START Data for the task
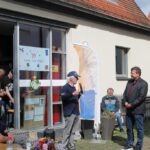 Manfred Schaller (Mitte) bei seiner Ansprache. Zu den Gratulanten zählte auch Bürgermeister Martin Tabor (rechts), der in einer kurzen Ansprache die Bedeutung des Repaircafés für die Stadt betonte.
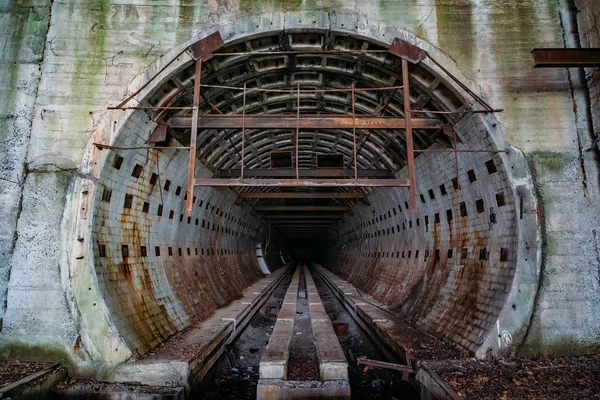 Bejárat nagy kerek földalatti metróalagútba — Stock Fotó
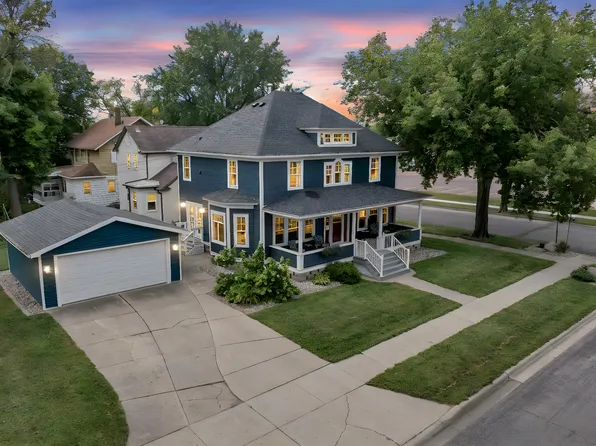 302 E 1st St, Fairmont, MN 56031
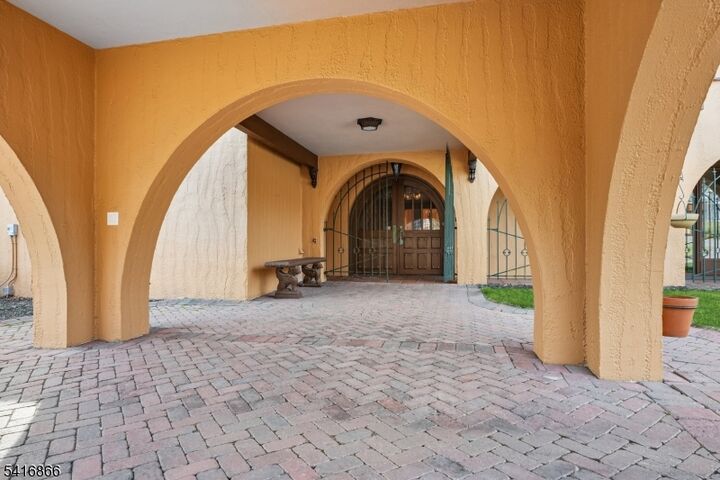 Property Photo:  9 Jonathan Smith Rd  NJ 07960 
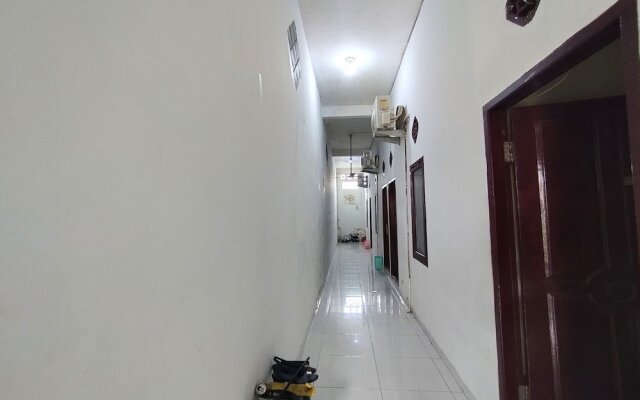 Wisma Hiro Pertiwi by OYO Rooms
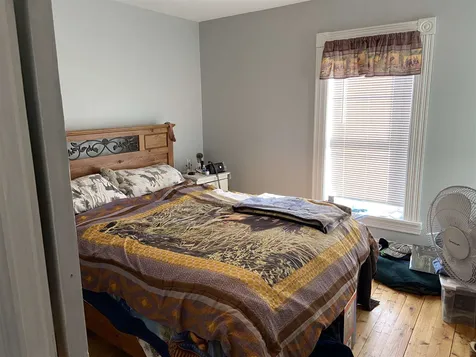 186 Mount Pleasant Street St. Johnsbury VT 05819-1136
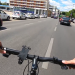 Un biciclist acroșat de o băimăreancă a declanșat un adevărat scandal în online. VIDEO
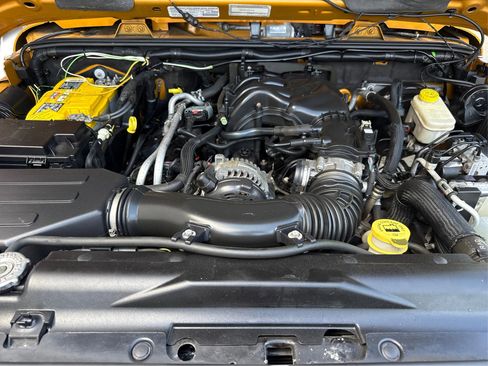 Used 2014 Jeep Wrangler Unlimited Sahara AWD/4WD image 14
END Data for the task
START Data for the task
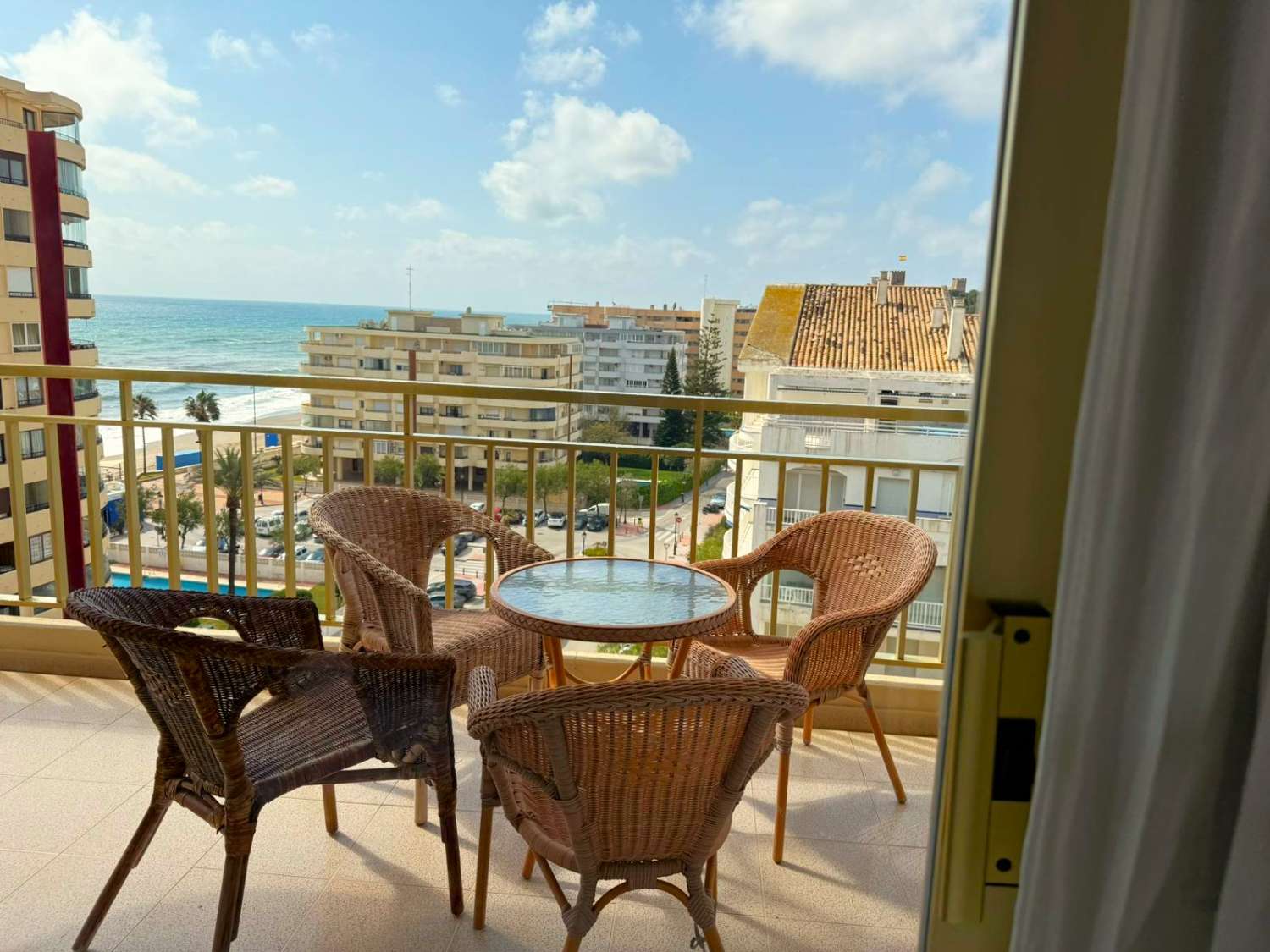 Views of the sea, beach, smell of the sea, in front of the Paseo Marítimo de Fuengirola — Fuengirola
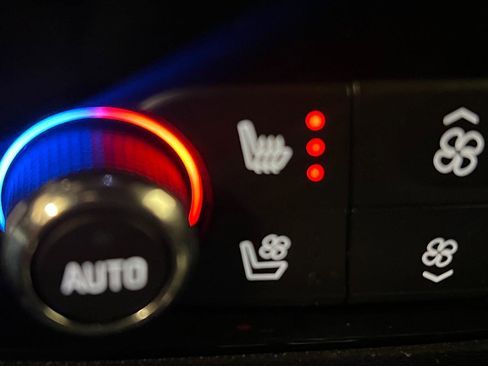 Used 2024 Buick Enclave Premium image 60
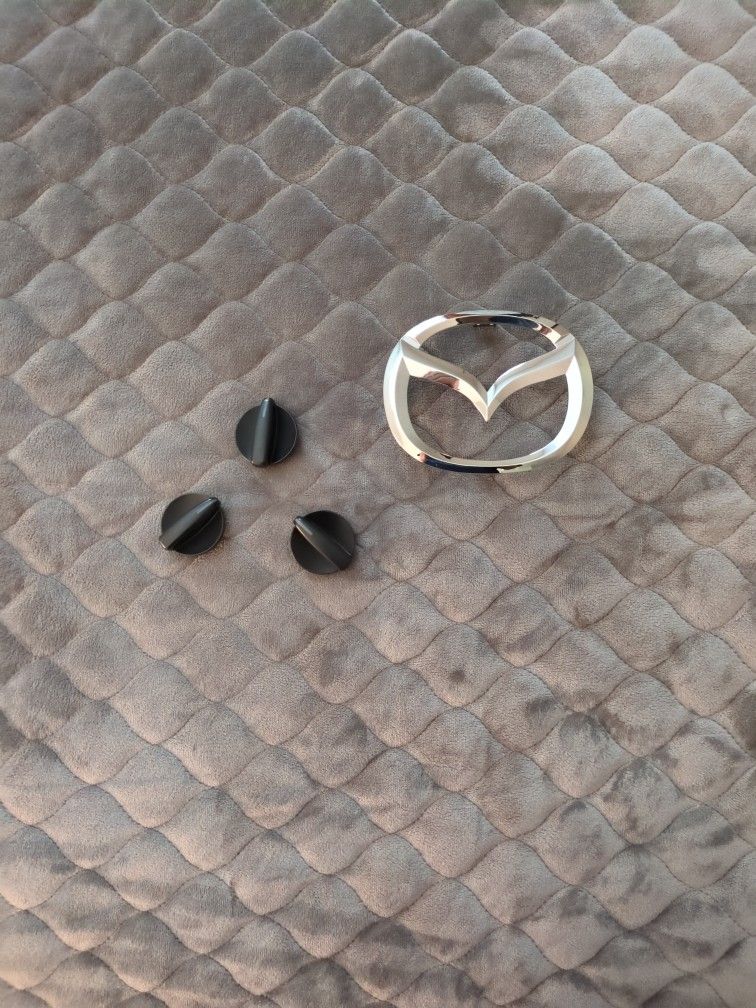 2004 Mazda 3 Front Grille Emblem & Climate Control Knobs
END Data for the task
START Data for the task
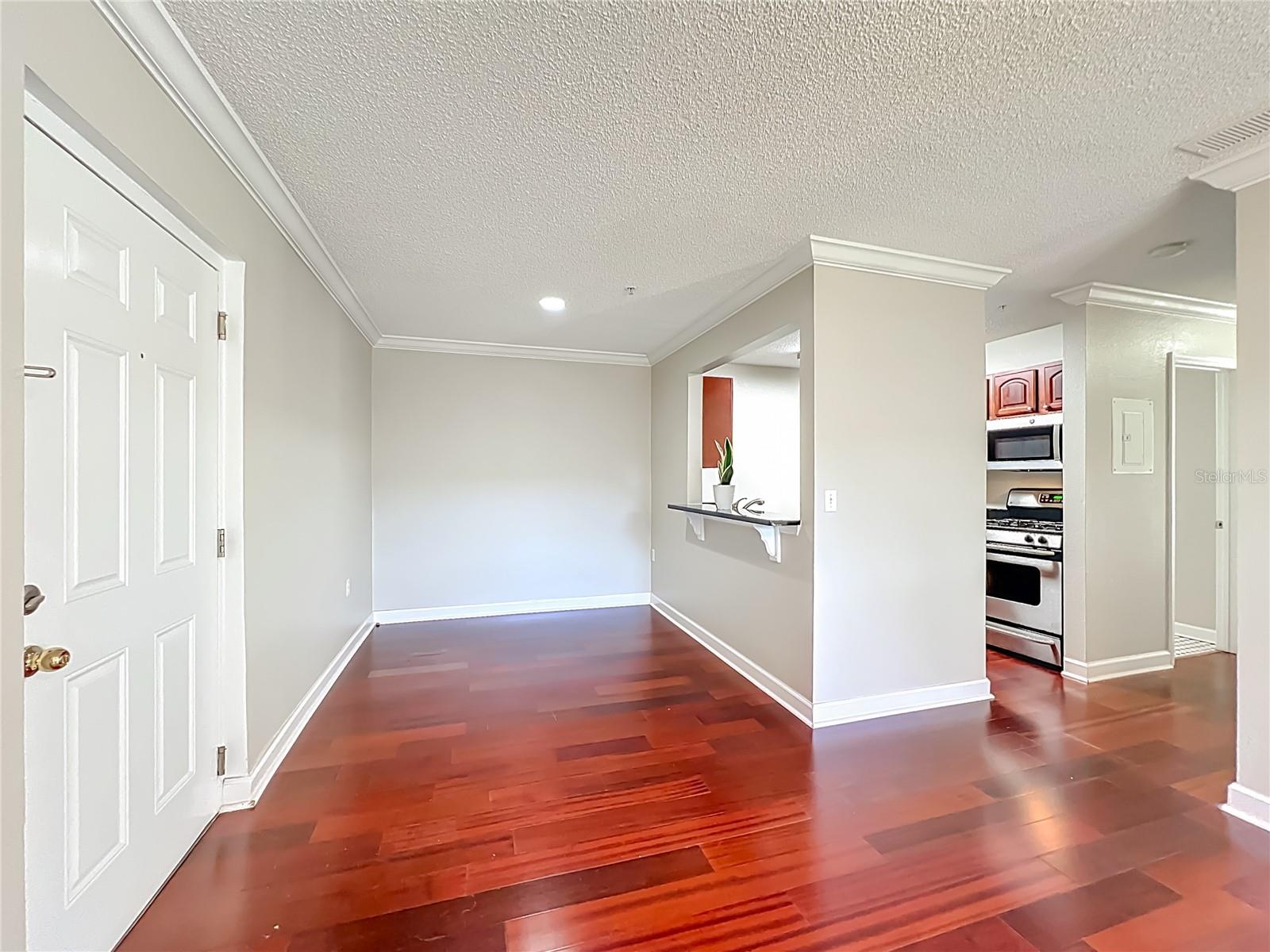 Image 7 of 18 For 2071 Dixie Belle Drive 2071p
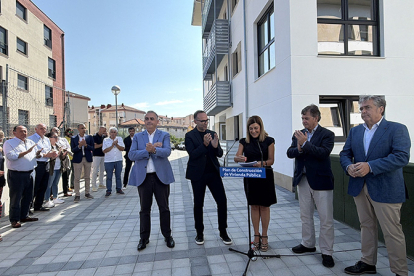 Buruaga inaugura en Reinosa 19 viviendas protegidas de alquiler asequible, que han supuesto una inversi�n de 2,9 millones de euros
END Data for the task
▶ Work order: Reproduce the data above exactly, but only from the line containing "Manfred Schaller (Mitte)" through the line containing "186 Mount Pleasant"; skip the pictures.

▶ Exercise solution:
 Manfred Schaller (Mitte) bei seiner Ansprache. Zu den Gratulanten zählte auch Bürgermeister Martin Tabor (rechts), der in einer kurzen Ansprache die Bedeutung des Repaircafés für die Stadt betonte.
 Bejárat nagy kerek földalatti metróalagútba — Stock Fotó
 302 E 1st St, Fairmont, MN 56031
 Property Photo:  9 Jonathan Smith Rd  NJ 07960 
 Wisma Hiro Pertiwi by OYO Rooms
 186 Mount Pleasant Street St. Johnsbury VT 05819-1136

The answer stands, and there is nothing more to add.